Tiempo de movimiento, de traslados, de trajín, de viajes programados o súbitos, de afanosa estadística sobre el incremento o la disminución de los que se han dejado la vida en el asfalto. Tiempo de vacaciones que no pocas veces significa un torturado paréntesis indispensable para llegarse, con la parienta y los críos, a las caldosas aguas mediterráneas, las refrigeradas atlánticas gallegas o el arroyo, río, pantano o piscina del interior.

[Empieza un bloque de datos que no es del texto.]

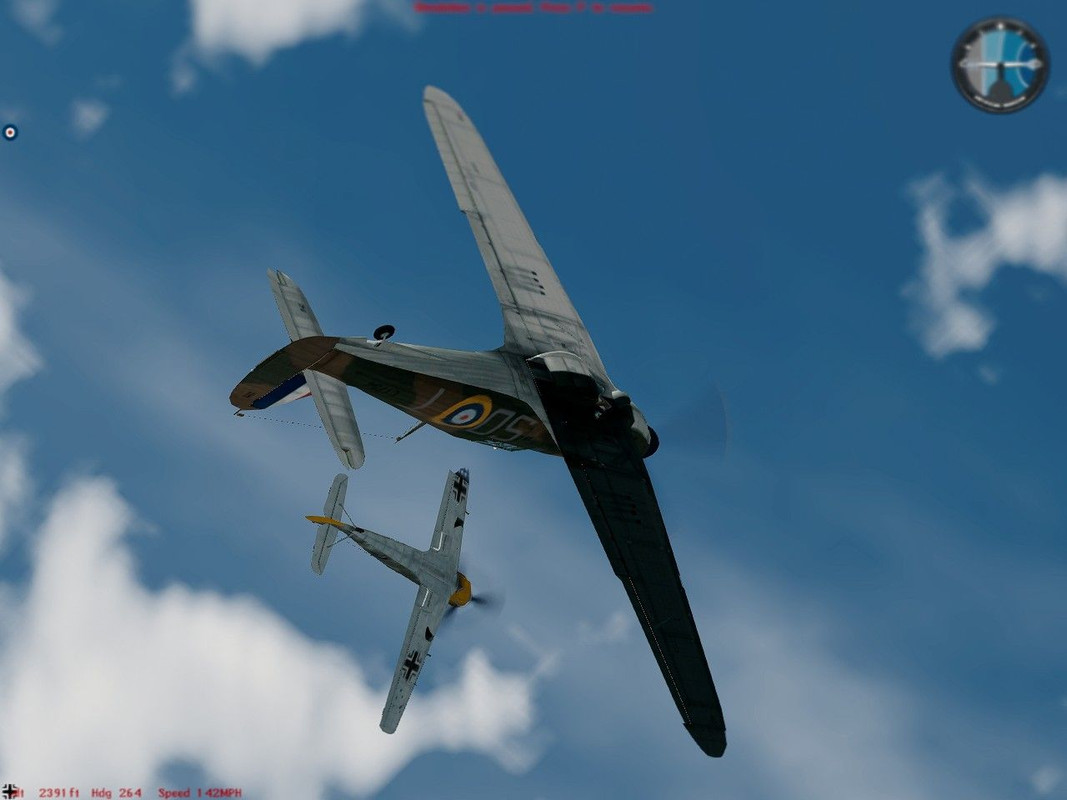 wing tip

Por estas épocas menudean las críticas, justificadas, reiteradas y desatendidas acerca de la endémica vaguedad con que están señalizadas las vías de comunicación, ahora que se han complicado con enlaces, accesos, direcciones únicas y sorpresivas rotondas con más de dos rutas, insuficientemente señalizadas. Nos viene a la mente, con toda la inutilidad de los recuerdos, las sencillas carreteras de antaño, donde nos acechaba el bache inopinado, el badén caprichoso, la herradura de la mula, con el clavo hacia arriba, que deshinchaba el neumático, en ocasiones más de una vez, con la secuela de haber consumido la rueda de repuesto y era preciso reparar, con parches, la goma desinflada. A nadie se le ocurriría sentir nostalgia por aquellos contratiempos, al que había que añadir el cálculo en el repuesto de la gasolina, pues en trayectos entre Madrid y Barcelona no había más de tres o cuatro postes de combustible.

El primer escollo para el automovilista que quiere abandonar Madrid es salir de ella

El primer escollo para el automovilista que quiere abandonar Madrid en estas fechas es salir de ella, traspasar nuevas barriadas que recordaba como zonas rurales o suburbios de chabolas. Sin un elaborado y meticuloso estudio de las posibilidades de alcanzar la autopista deseada, pueden recorrerse docenas de kilómetros obligados por señales imperativas que suelen conducirnos, al cabo de un rato, a la misma encrucijada.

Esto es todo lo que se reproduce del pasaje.